Georges Rousse peint, fait de la photo, et joue avec la perception. Un de ses axes de recherche majeurs porte sur l'anamorphose. Il joue avec l'espace, les formes, la couleur, et même la lettre. Tout est prétexte pour lui à surprendre l'œil, et bien souvent ses œuvres sont totalement éphémères, puisque les espaces qu'il appréhende sont souvent abandonnés, et détruits quelques temps après son passage. On ne garde donc comme trace de son travail que la photo qu'il en a faite.
Cela n'a a priori rien à voir avec l'édition ou la typo, mais mener le même genre d'expérimentations avec un support papier, livre ou autre, pourrait, selon moi, générer des choses surprenantes et fort intéressantes.
Voici un extrait de sa biographie ainsi que de ses réalisations:
"Depuis le Noël de ses 9 ans où il reçut en cadeau le mythique Brownie Flash de Kodak, l'appareil photo n'a plus quitté Georges Rousse. Alors qu'il est étudiant en médecine à Nice, il décide d'apprendre chez un professionnel les techniques de prise de vue et de tirage puis de créer son propre studio de photographie d'architecture. Mais bientôt sa passion le pousse à se consacrer entièrement à une pratique artistique de ce médium sur la trace des grands maîtres américains, Steichen, Stieglitz ou Ansel Adams.

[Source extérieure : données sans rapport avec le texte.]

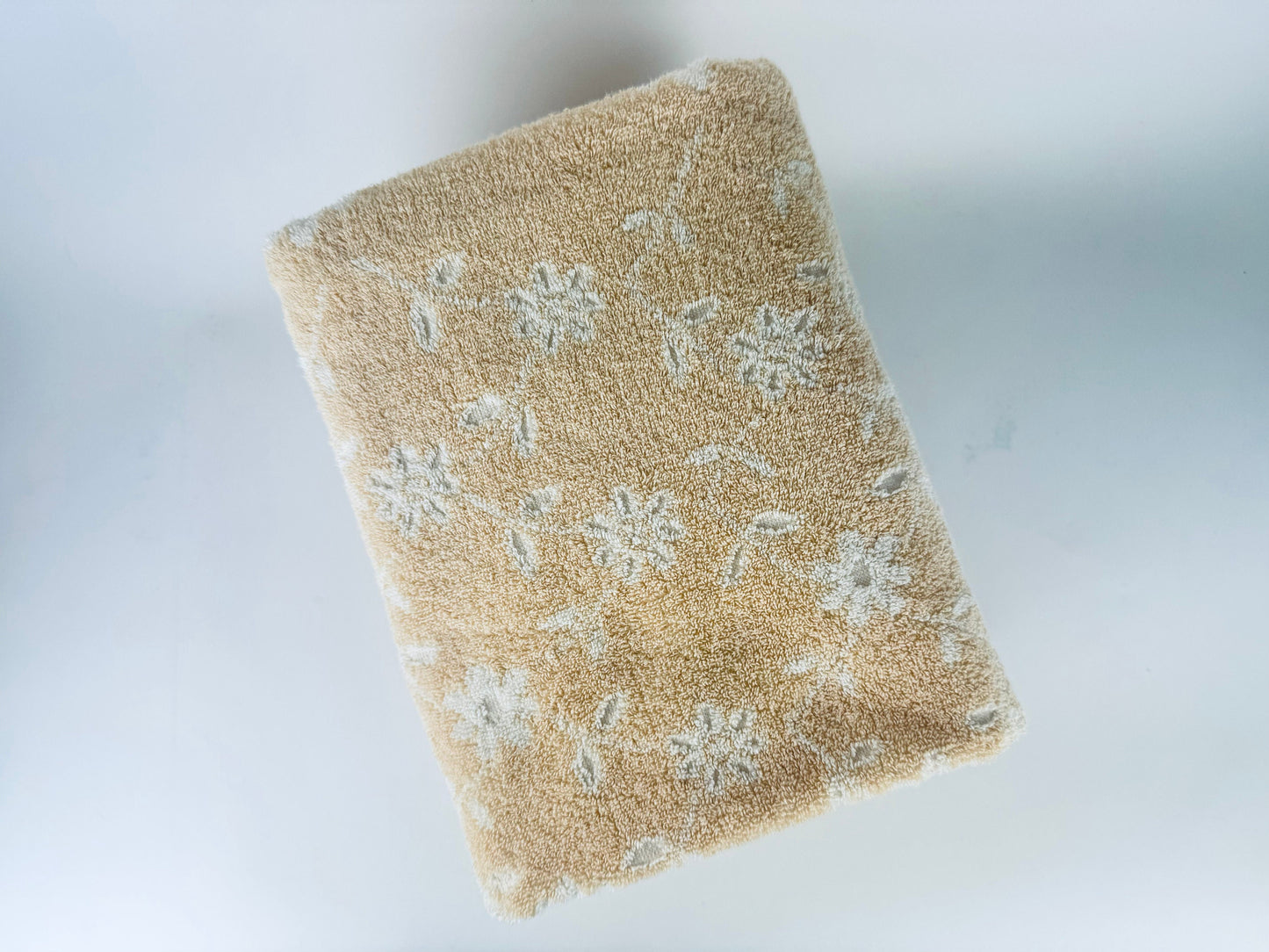 Product image for 'vintage royal family cannon rectangular beige white floral fringe bath towel made in usa cotton polyester blend sold separately' (view 33f89e)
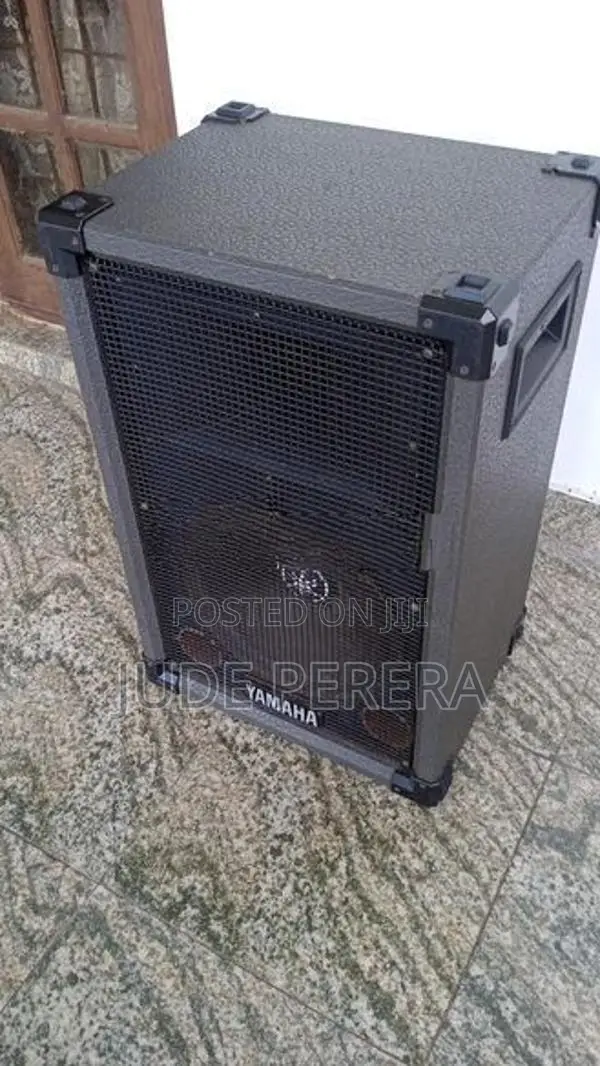 YAMAHA Speaker 12"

C'est avec la découverte du
Land Art et du
Carré noir sur fond blanc de Malevitch que Georges Rousse choisit d'intervenir dans le champ photographique établissant une relation inédite de la peinture à l'Espace. Il investit alors des lieux abandonnés qu'il affectionne depuis toujours pour les transformer en espace pictural et y construire une œuvre éphémère, unique, que seule la photographie restitue."